Critics will see irony in Obama's reference to the "rule of law" after he used executive orders rather than the legislative process to deal with immigration.
He echoed the dead man's family in calling for peaceful protests, while asking law enforcement officials to "show care and restraint."
For their part, law enforcement officers fulfilled that request, limiting their response to using tear gas and pepper spray while mobs burned dozens of stores, torched police cars and shot at firefighters responding to the arson fires.
Riots were a foregone conclusion if the grand jury came back with anything but an indictment of Officer Darren Wilson for killing 18-year-old Michael Brown.
But members of the grand jury, nine whites and three blacks, meeting since Aug. 20, decided they could not do so.
According to video and eyewitness testimony, Brown had just committed a strong-arm robbery, stealing some Swisher Sweets cigars from the Ferguson Market -- ransacked in Monday night's riots -- when he and a companion were first told by Wilson to walk on the sidewalk instead of the street, then stopped and confronted by Wilson after the officer noticed the handful of cigars.
According to an Associated Press account of testimony released by the prosecutor's office, "Wilson said he asked a dispatcher to send additional officers, then backed his vehicle in front of Brown and his friend. As he tried to open the door, Wilson said, Brown slammed it back shut. Wilson said he pushed Brown with the door and Brown hit him in the face. Wilson told grand jurors he was thinking: 'What do I do not to get beaten inside my car?'"
He said Brown grabbed at his gun, it failed to fire the first two times Wilson pulled the trigger and then fired through the window of the patrol car.
More shots, Brown took off, then turned to come back, ignoring Wilson's orders to get on the ground before he was finally shot from short range.
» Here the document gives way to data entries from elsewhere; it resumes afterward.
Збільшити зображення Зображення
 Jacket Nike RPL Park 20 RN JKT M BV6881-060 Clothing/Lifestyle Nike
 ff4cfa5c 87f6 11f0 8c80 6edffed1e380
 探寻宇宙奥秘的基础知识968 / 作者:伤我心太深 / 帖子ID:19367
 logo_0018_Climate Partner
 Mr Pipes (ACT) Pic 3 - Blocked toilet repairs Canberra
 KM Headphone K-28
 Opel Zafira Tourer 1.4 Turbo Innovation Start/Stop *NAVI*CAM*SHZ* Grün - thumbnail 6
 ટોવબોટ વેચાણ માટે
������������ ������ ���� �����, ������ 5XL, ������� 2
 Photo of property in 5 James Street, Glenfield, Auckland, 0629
Brown's companion, Dorian Johnson, said he was afraid they would be arrested after stealing the cigars, and while he told a slightly different story, did confirm that the two struggled before the fatal shots were fired.
The death of any young man is a tragedy, and no one deserves to die over petty theft.
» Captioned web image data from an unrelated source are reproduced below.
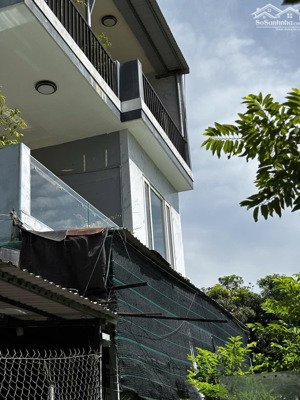 lô góc nguyễn đình - phước trường 12.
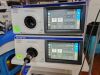 OLYMPUS OTV-S400 4K UHD  console Endoscopy Processor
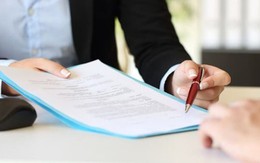 Công ty có bắt buộc phải xác nhận thu nhập cho nhân viên mua nhà ở xã hội?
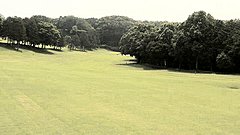 レイクウッドゴルフクラブ 26 /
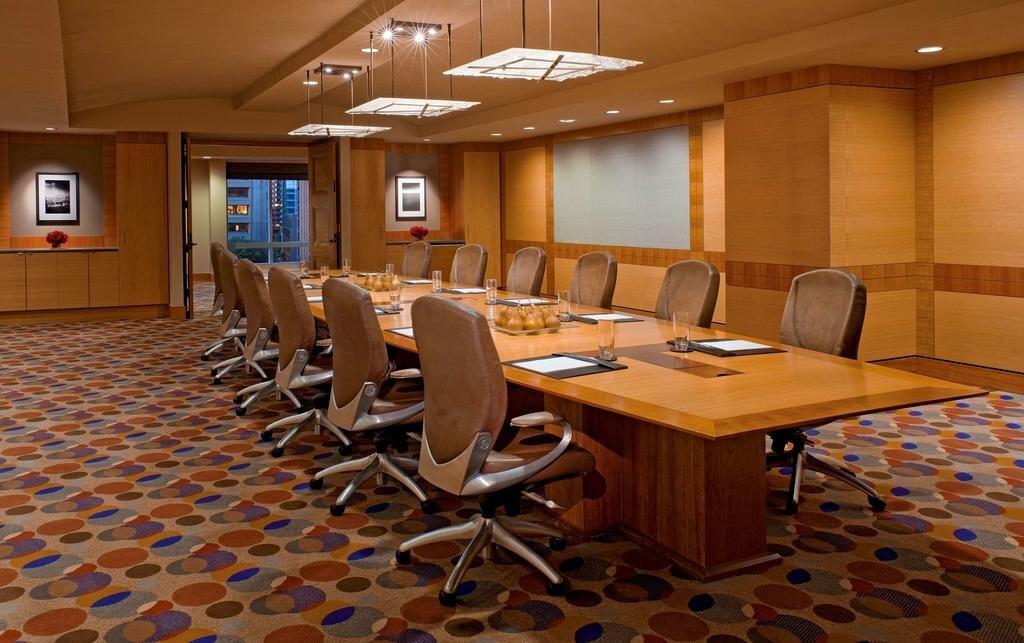 hotel image 22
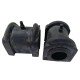 BUJE GOMA BARRA ESTAB DODGE CALIBER JOURNEY COMPASS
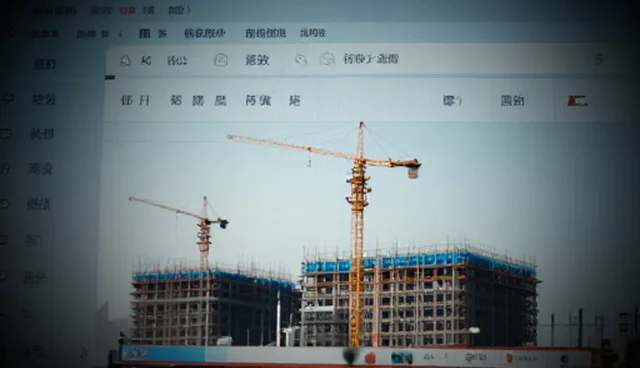 行业分类定制服务如何影响覆盖范围的性能表现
But any officer who is involved in a fight over control of a weapon is involved in a life-or-death struggle and may have no choice but to shoot.
Riots and destruction can only exacerbate racial tensions that have been simmering since last summer's tragic death.
It will take cool heads, effective leadership and a real effort at reconciliation by both sides of the issue to avoid bloodshed and destruction in the future.